Summary: Chapter 12
By this time, Jem has reached the age of twelve, and he
begins to demand that Scout “stop pestering him” and act more like
a girl. Scout becomes upset and looks forward desperately to Dill’s
arrival in the summer. To Scout’s disappointment, however, Dill
does not come to Maycomb this year. He sends a letter saying that
he has a new father (presumably, his mother has remarried) and will
stay with his family in Meridian. To make matters worse, the state
legislature, of which Atticus is a member, is called into session,
forcing Atticus to travel to the state capital every day for two
weeks.
Calpurnia decides to take the children to her church,
a “colored” church, that Sunday. Maycomb’s black church is an old
building, called First Purchase because it was bought with the first
earnings of freed slaves. One woman, Lula, criticizes Calpurnia
for bringing white children to church, but the congregation is generally
friendly, and Reverend Sykes welcomes them, saying that everyone
knows their father. The church has no money for hymnals, and few
of the parishioners can read, so they sing by echoing the words
that Zeebo, Calpurnia’s eldest son and the town garbage collector,
reads from their only hymnal. During the service, Reverend Sykes
takes up a collection for Tom Robinson’s wife, Helen, who cannot
find work now that her husband has been accused of rape. After
the service, Scout learns that Tom Robinson has been accused by
Bob Ewell and cannot understand why anyone would believe the Ewells’
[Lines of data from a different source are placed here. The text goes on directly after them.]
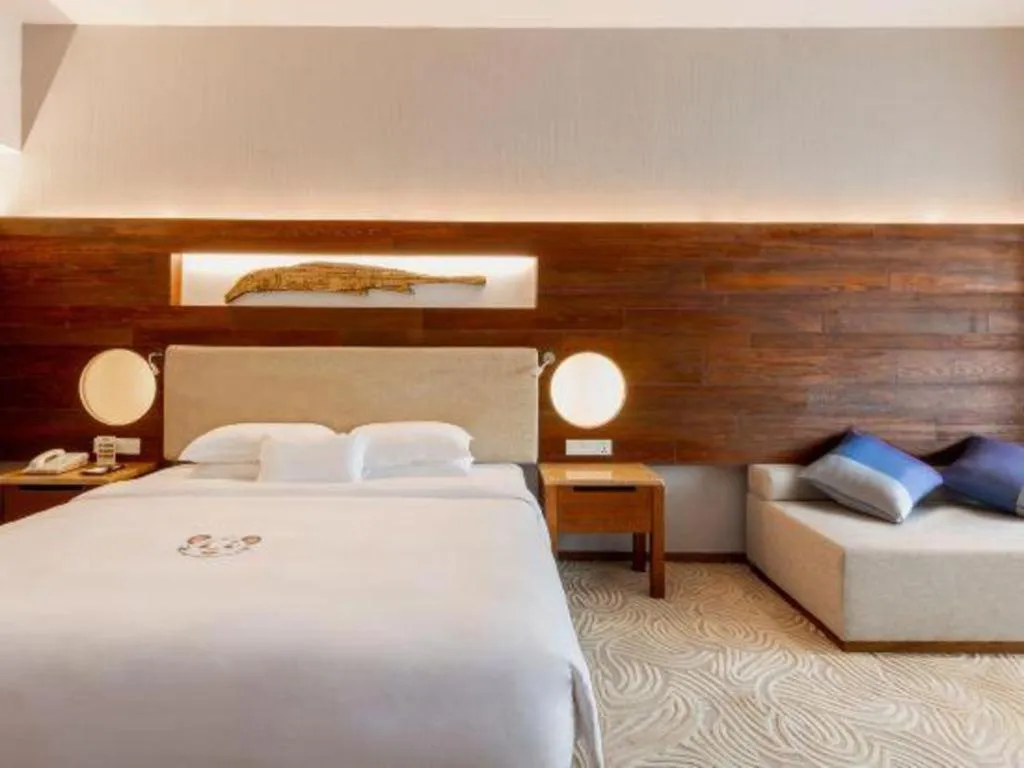 Bed in Chimelong Hotel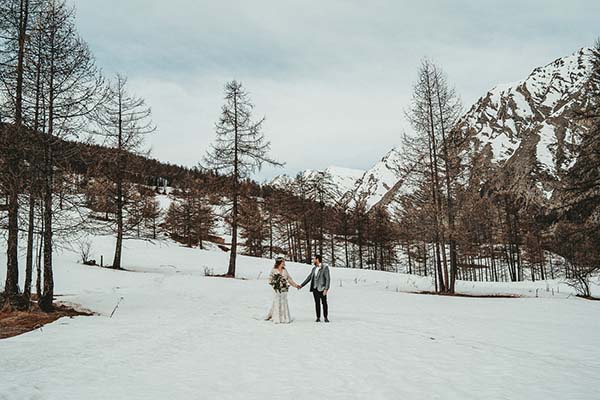 inspirations-mariage-hivernal-intismiste-alpes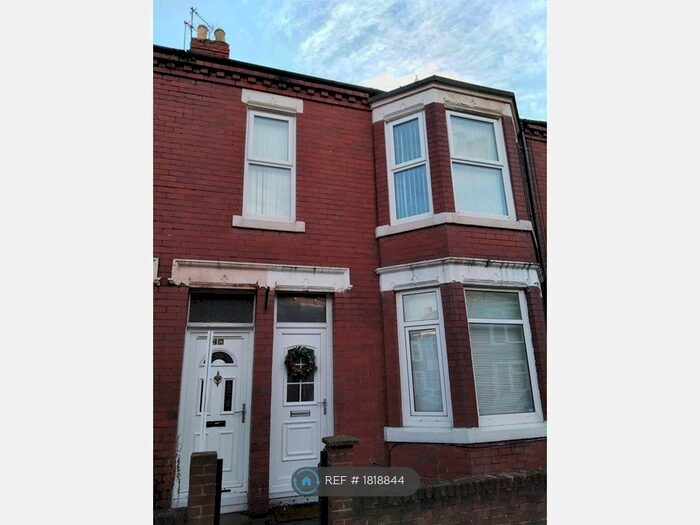 2 Bedroom Flat To Rent In Crondall Street, South Shields, NE33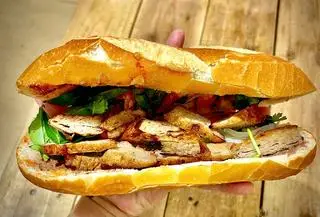 Hình ảnh Bánh mì Chả Cá Hố - NƯỚNG THAN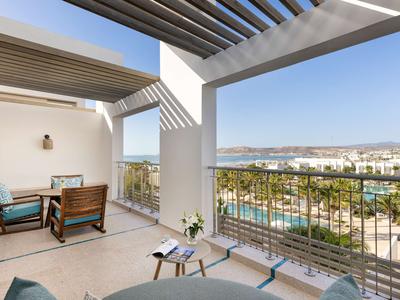 Junior Suite Pool and Sea View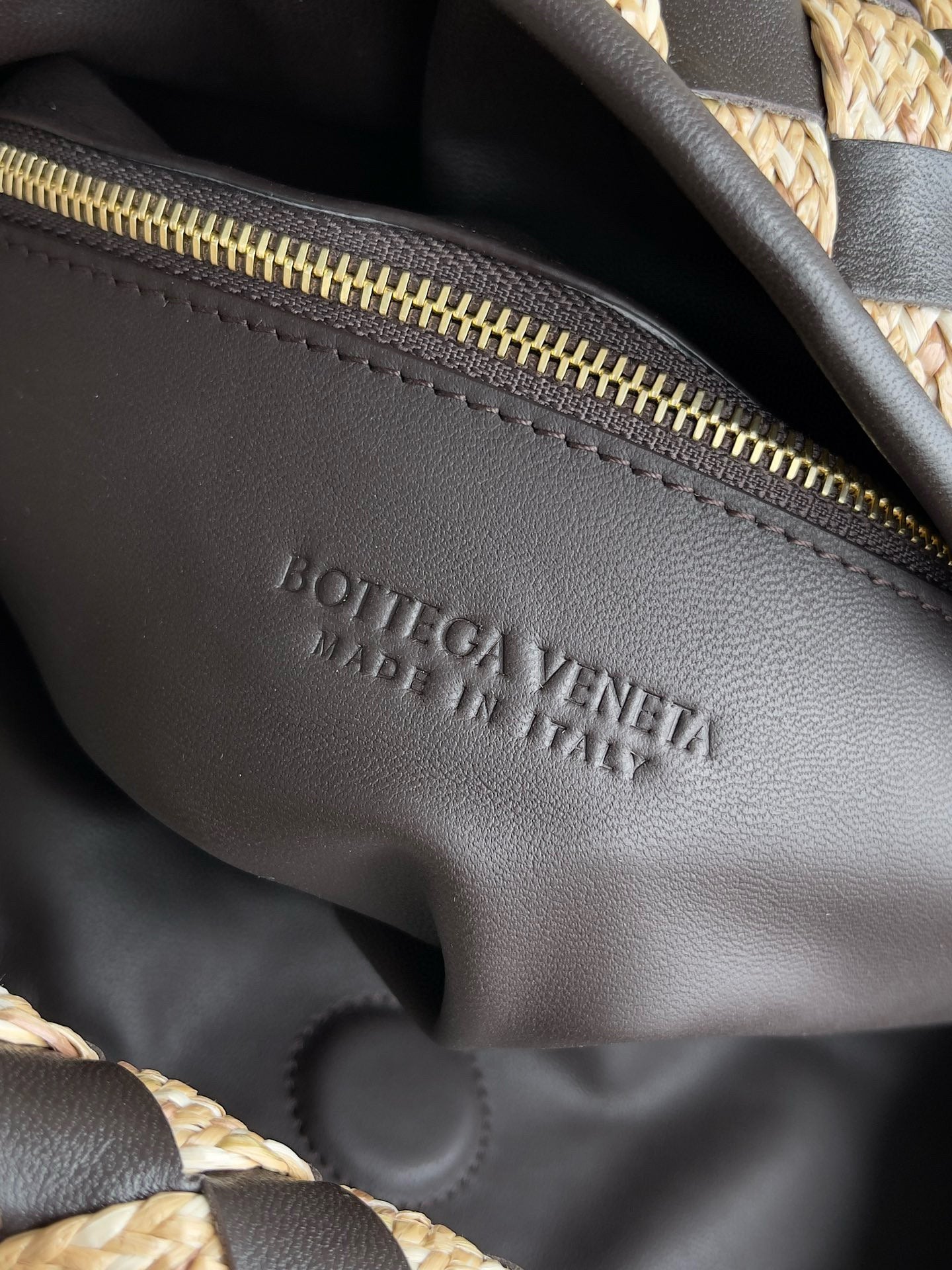 BV Hop Shoulder Bag 54x24x13cm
word. When the children return home, they find Aunt Alexandra waiting
for them.
Summary: Chapter 13
Aunt Alexandra explains that she should stay with the
children for a while, to give them a “feminine influence.” Maycomb
gives her a fine welcome: various ladies in the town bake her cakes
and have her over for coffee, and she soon becomes an integral part
of the town’s social life. Alexandra is extremely proud of the Finches
and spends much of her time discussing the characteristics of the
various families in Maycomb. This “family consciousness” is an integral
part of life in Maycomb, an old town where the same families have
lived for generations, where every family has its quirks and eccentricities. However,
Jem and Scout lack the pride that Aunt Alexandra considers commensurate
with being a Finch. She orders Atticus to lecture them on the subject
of their ancestry. He makes a valiant attempt but succeeds only
in making Scout cry.
Analysis: Chapters 12–13
Dill’s absence from Maycomb coincides appropriately with
the continued encroachment of the adult world upon Scout’s childhood,
as Dill has represented the perspective of childhood throughout
the novel. Scout’s journey to Calpurnia’s church is the reader’s
first glimpse of the black community in Maycomb, which is portrayed
in an overwhelmingly positive light. An air of desperate poverty
hangs over the church—the building is unpainted, they cannot afford hymnals,
and the congregation is illiterate—yet the adversity seems to bring
the people closer together and creates a stronger sense of community
than is found in Scout’s own church. The devotion of the black church
contrasts starkly with the hypocrisy of the white ladies’ missionary
circle that Scout attends in Chapter 24.
There, one of the missionary ladies, Mrs. Merriweather, bemoans
the plight of the oppressed indigenous people of Africa at the same
time that she complains about how moody Maycomb’s blacks are.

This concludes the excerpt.